NVIDIA Container Notes
Getting the container
To get NVidia docker containers which have the latest CUDA and Tensorflow installed, go to NVidia NGC, create an account, search for Tensorflow
. Notice there are containers tagged with tf1
and tf2
. The page tells you how to select the right one.

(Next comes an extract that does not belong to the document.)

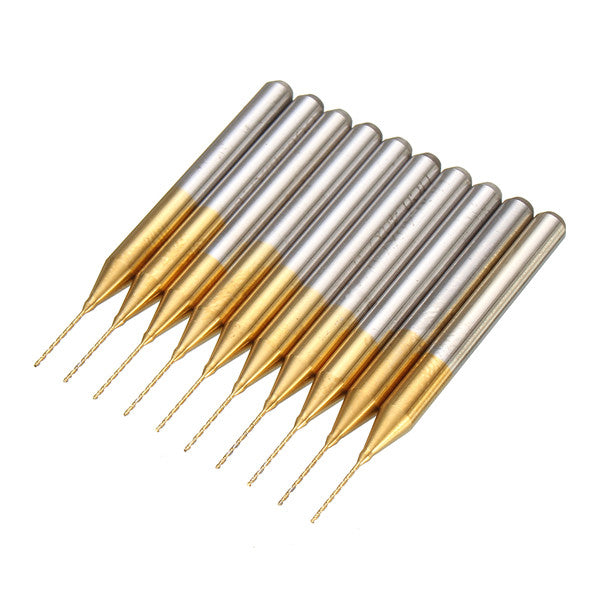 10Pcs 1/8 Inch Shank Tungsten Steel PCB Drill Bits 0.4mm Titanium Coated Carbide PCB Drill Bit Set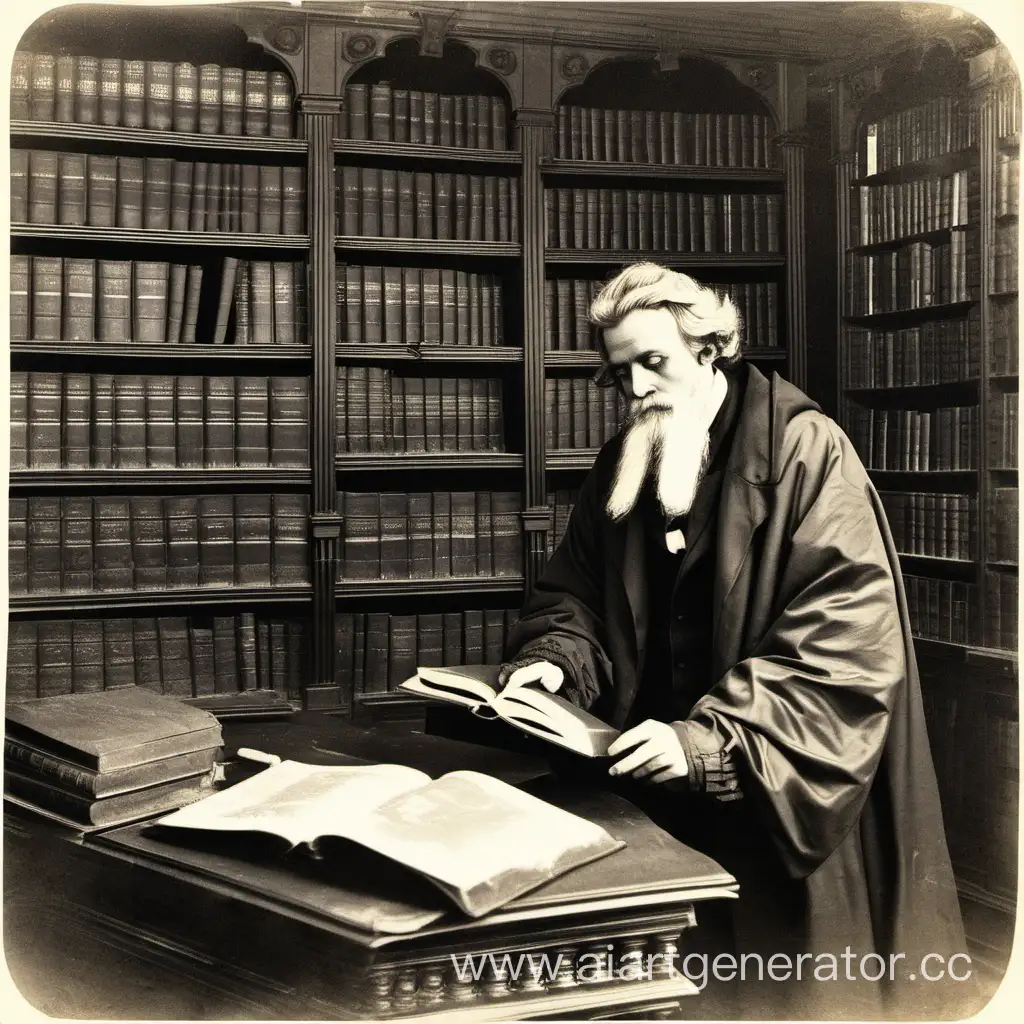 A male scholar at the 19th century library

You can convert the command at the top, for instance:
docker pull nvcr.io/nvidia/tensorflow:20.08-tf2-py3
to a singularity command by doing this:
singularity build tensorflow-20.08-tf2-py3.simg docker://nvcr.io/nvidia/tensorflow:20.08-tf2-py3
You'll need to run this command on a Theta login node which has network access (thetaloginX
). The containers from August, 2020, are also all available converted to singularity here: /lus/theta-fs0/projects/datascience/thetaGPU/containers/
Running on ThetaGPU
After logging into ThetaGPU with ssh thetagpusn1
, one can submit job using the container one a single node by doing: qsub -n 1 -t 10 -A <project-name> submit.sh
where submit.sh
contians the following bash scripting:
#!/bin/bash CONTAINER=$HOME/tensorflow-20.08-tf2-py3.simg singularity exec --nv $CONTAINER python /usr/local/lib/python3.6/dist-packages/tensorflow/python/debug/examples/debug_mnist.py
make sure to make the script executable with chmod a+x submit.sh
.
The log file <cobalt-jobid>.output
should contain some text like this:
Accuracy at step 0: 0.2159 Accuracy at step 1: 0.098 Accuracy at step 2: 0.098 Accuracy at step 3: 0.098 Accuracy at step 4: 0.098 Accuracy at step 5: 0.098 Accuracy at step 6: 0.098 Accuracy at step 7: 0.098 Accuracy at step 8: 0.098 Accuracy at step 9: 0.098
The numbers may be different.
Running Tensorflow-2 with Horovod on ThetaGPU
To run on ThetaGPU with MPI you can do the follow test:
git clone git@github.com:jtchilders/tensorflow_skeleton.git cd tensorflow_skeleton qsub -n 2 -t 20 -A <project-name> submit_scripts/thetagpu_mnist.sh
You can inspect the submit script for details on how the job is constructed.